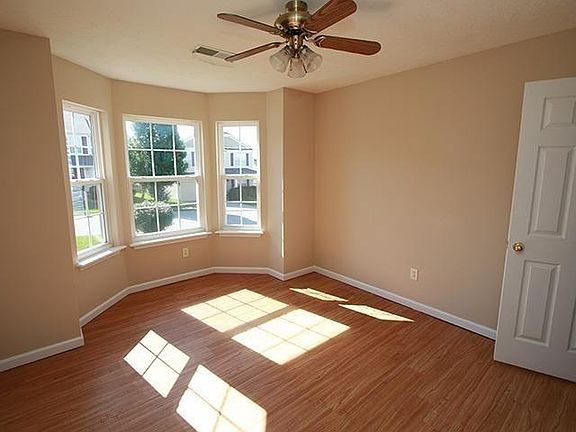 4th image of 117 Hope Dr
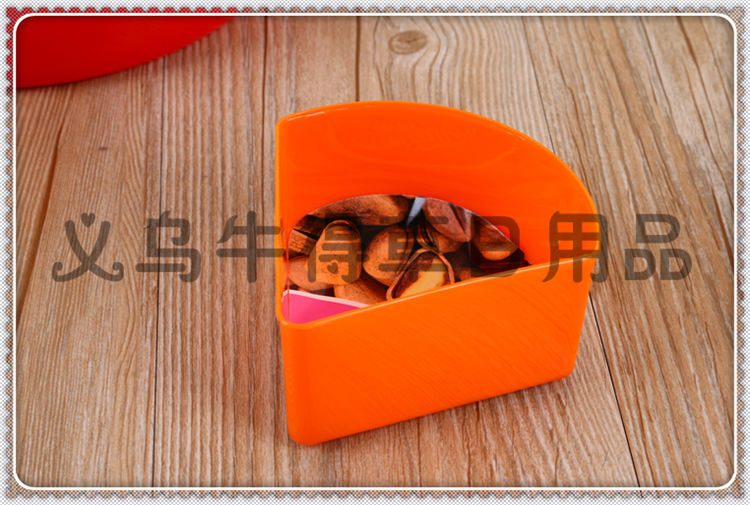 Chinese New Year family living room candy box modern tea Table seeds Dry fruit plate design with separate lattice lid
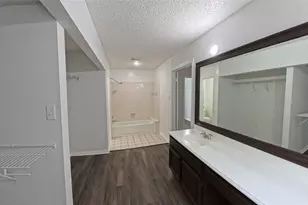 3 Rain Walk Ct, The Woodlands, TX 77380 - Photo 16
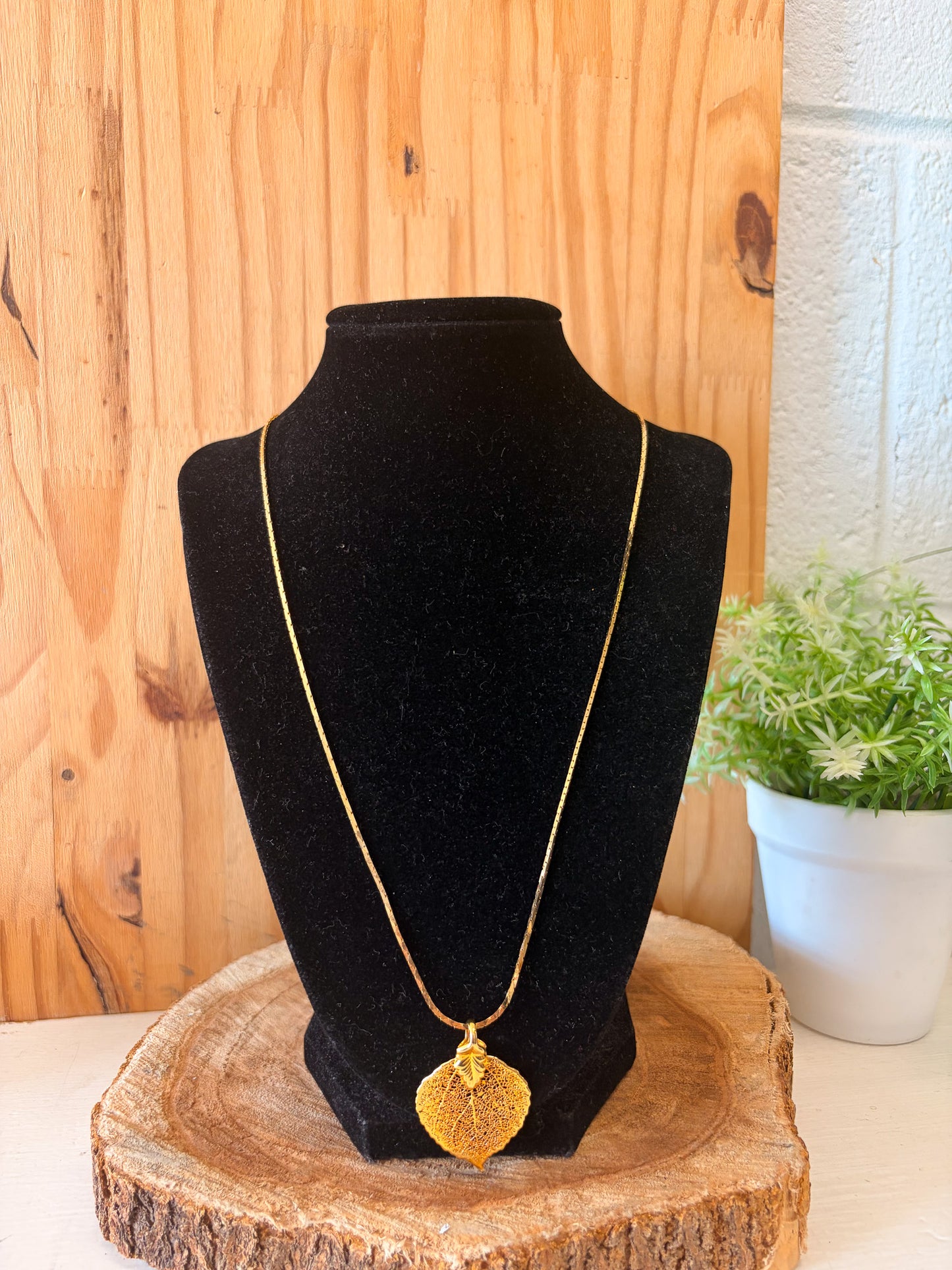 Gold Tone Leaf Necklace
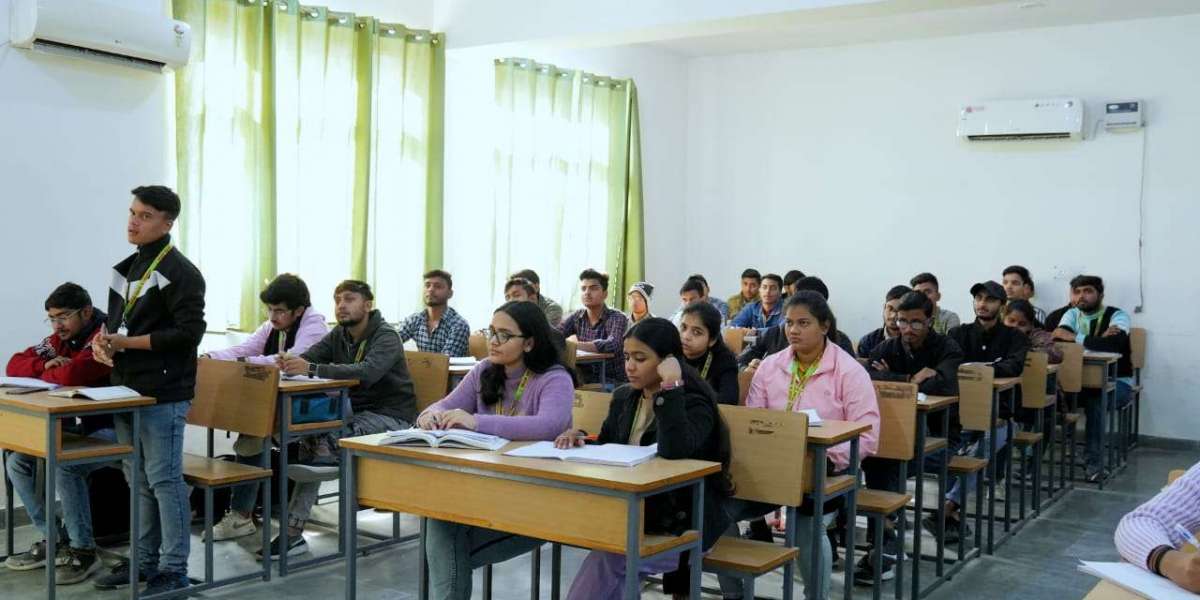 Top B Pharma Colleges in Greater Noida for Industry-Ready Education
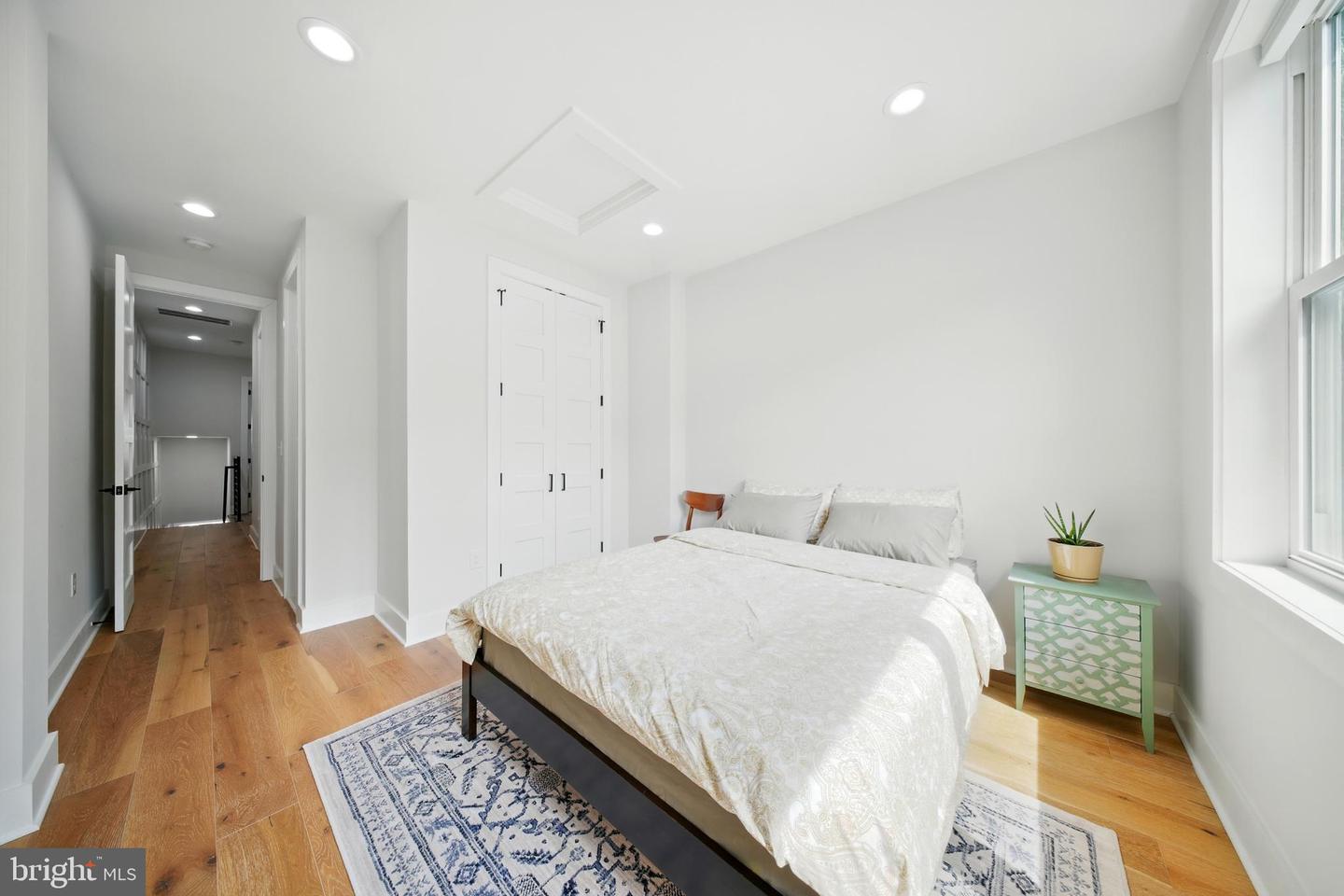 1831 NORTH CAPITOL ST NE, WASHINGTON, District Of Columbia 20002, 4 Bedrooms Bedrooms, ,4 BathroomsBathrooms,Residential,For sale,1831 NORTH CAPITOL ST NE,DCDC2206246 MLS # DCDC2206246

==============================

| Problem details |
Reproduce, word for word, the lines from the one containing "Top B Pharma" through the final line above. Leave every picture out.

| Result of this task |
 Top B Pharma Colleges in Greater Noida for Industry-Ready Education
 1831 NORTH CAPITOL ST NE, WASHINGTON, District Of Columbia 20002, 4 Bedrooms Bedrooms, ,4 BathroomsBathrooms,Residential,For sale,1831 NORTH CAPITOL ST NE,DCDC2206246 MLS # DCDC2206246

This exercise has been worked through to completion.